WHAT YOU HAVE TO DO
Your reply should hold only the lines from the records below where "image" occurs.

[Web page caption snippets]
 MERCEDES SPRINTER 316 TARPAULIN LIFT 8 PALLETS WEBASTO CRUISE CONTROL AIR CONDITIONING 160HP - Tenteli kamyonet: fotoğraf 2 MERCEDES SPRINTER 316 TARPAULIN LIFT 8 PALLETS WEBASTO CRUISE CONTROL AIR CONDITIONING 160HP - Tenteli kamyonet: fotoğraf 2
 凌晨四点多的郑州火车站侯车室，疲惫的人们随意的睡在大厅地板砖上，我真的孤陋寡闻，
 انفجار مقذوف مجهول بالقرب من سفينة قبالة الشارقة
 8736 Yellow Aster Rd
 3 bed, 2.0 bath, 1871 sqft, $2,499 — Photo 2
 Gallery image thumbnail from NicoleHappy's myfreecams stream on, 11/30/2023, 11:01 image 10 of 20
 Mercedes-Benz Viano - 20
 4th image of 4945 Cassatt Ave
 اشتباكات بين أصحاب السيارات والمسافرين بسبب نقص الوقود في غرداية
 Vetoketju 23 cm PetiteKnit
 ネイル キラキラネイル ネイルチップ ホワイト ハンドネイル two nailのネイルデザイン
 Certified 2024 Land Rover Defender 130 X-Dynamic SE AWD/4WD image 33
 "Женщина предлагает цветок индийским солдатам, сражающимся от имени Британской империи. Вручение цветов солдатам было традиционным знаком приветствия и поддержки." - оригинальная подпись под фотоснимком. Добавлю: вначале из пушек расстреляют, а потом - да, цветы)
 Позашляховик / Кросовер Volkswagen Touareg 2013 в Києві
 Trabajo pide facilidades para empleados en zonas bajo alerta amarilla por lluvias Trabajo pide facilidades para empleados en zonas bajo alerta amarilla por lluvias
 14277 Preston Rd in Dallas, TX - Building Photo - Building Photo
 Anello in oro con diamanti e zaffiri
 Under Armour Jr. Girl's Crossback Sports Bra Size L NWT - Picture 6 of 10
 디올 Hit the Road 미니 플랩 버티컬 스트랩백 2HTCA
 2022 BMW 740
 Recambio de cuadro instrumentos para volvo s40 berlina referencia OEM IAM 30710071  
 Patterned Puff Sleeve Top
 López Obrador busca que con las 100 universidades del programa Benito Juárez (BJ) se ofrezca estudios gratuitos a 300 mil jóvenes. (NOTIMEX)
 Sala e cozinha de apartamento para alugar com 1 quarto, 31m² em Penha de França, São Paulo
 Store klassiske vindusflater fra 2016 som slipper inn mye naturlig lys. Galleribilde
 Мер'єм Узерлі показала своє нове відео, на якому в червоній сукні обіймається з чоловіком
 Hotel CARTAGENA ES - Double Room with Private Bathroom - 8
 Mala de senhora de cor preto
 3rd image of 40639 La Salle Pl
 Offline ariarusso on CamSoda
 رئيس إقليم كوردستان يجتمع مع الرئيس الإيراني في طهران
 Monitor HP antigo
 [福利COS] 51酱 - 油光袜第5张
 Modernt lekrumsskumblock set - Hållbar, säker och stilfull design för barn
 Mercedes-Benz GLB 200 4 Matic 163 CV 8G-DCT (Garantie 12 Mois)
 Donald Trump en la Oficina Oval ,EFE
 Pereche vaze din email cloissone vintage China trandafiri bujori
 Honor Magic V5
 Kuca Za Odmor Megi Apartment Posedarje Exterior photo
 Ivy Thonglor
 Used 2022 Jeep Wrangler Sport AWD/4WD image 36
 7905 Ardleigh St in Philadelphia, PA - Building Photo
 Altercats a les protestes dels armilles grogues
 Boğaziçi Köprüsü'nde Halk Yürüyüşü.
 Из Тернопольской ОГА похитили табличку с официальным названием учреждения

OUTPUT
 Gallery image thumbnail from NicoleHappy's myfreecams stream on, 11/30/2023, 11:01 image 10 of 20
 4th image of 4945 Cassatt Ave
 Certified 2024 Land Rover Defender 130 X-Dynamic SE AWD/4WD image 33
 3rd image of 40639 La Salle Pl
 Used 2022 Jeep Wrangler Sport AWD/4WD image 36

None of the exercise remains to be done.